Middle incomes take big blow

Middle incomes take big blow

Greece’s middle-income earners are today at least 30 percent poorer than they were in the period before the economic crisis, having been overtaxed and having grown in number, as they now include previously wealthier categories too, according to Hellenic Statistical Authority (ELSTAT) data processed by the Hellenic Federation of Enterprises (SEV).

The latest figures, which concern the year 2018, show that the middle class in income terms accounts for 54 percent of households and pays 51 percent of taxes and social security contributions, while in 2007 it accounted for 48 percent of households that paid just 37.5 percent of taxes and contributions.

The burden on the middle class soared under the government led by Alexis Tsipras, especially after 2016: The average tax rate for the middle class rose from 19.3 percent in 2009 to 27.9 percent in 2018, “mainly because of the increases in social security contributions and the special solidarity levy as of 2016, with the implementation of the third bailout agreement,” SEV noted in its weekly bulletin issued on Thursday.

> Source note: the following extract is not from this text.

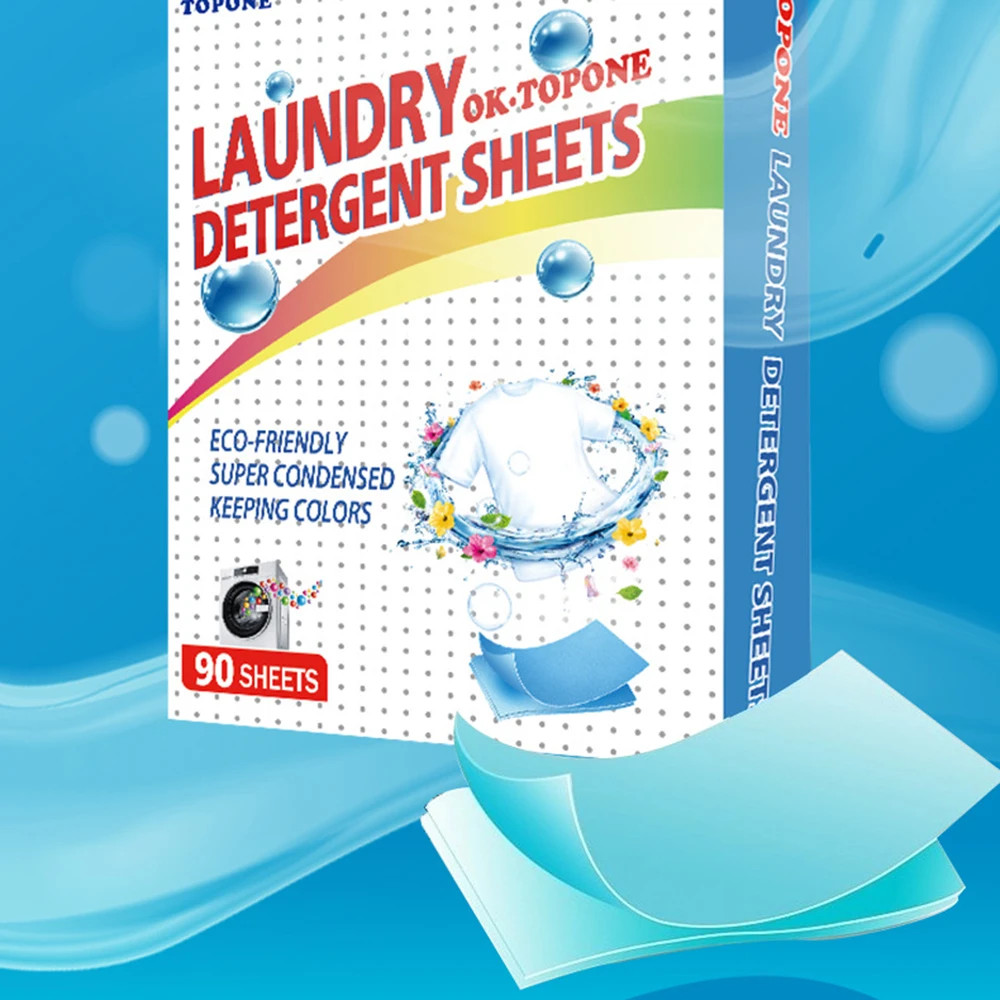 Laundry Detergent Sheets 90 Pcs Eco-friendly Soap No Waste Stain Remover Liquid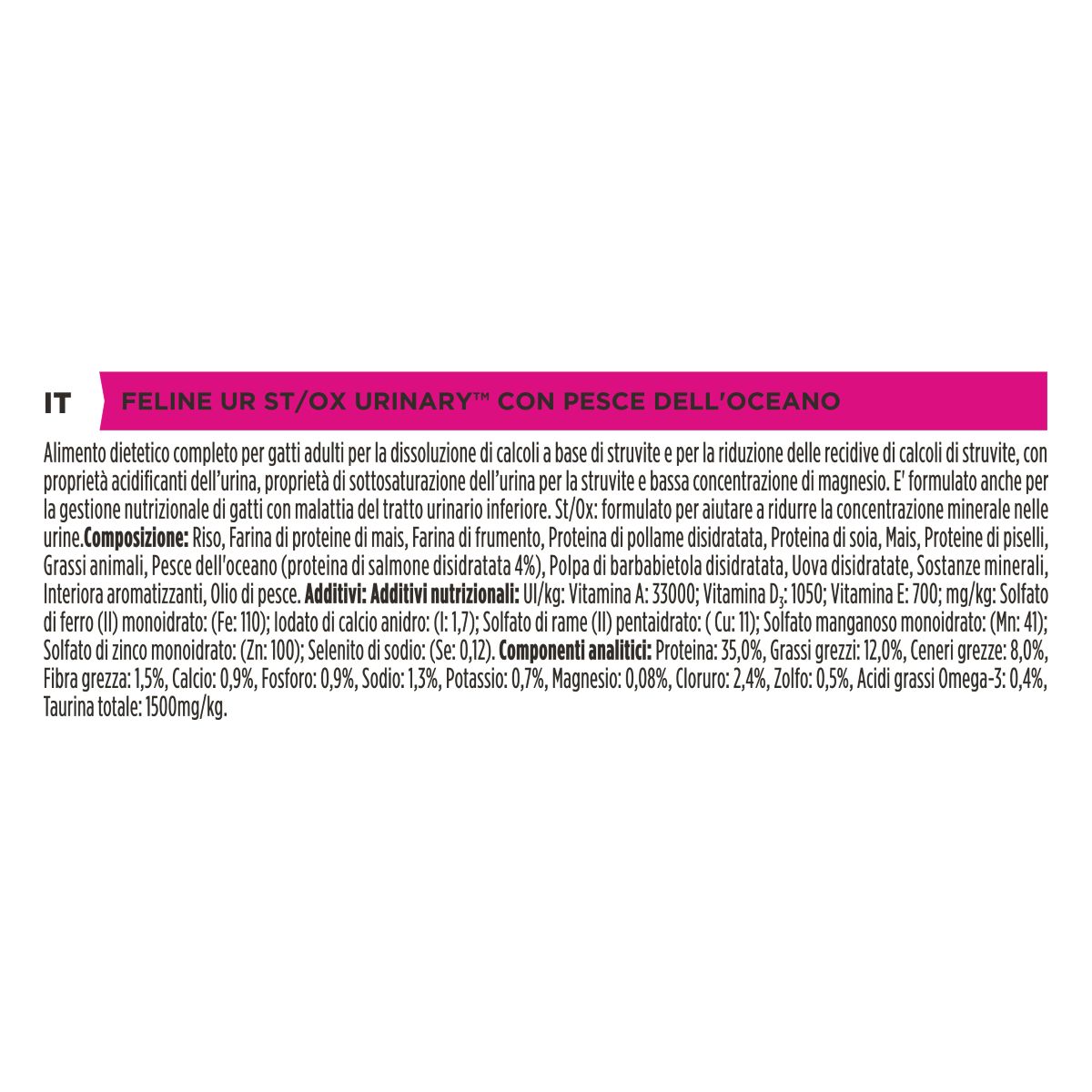 PURINA PRO PLAN® VETERINARY DIETS secco gatto UR Urinary St/Ox con Pesce dell'oceano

The middle class, by the definition of the Organization for Economic Cooperation and Development (OECD) that SEV cites, covers net annual incomes of 14,700-39,300 euros for a household with two adults and two children up to the age of 14. This is an income category that receives between 75 and 200 percent of the median national income that constitutes the equator between the richer 50 percent and the poorer 50 percent; that currently amounts to about 20,000 euros per year. Before the crisis the medium income stood at about 30,000 euros, therefore it really crumbled during the crisis. The middle-income class now accounts for 54 percent of the population, up from 49 percent before the crisis.

The upper income class, with earnings over 39,000 euros per year, currently represents 13.5 percent of households and covers 38.1 percent of tax revenues, against 56 percent it covered before the crisis when it accounted for 17 percent of households. A section of it has slipped to the middle-income class, SEV explained.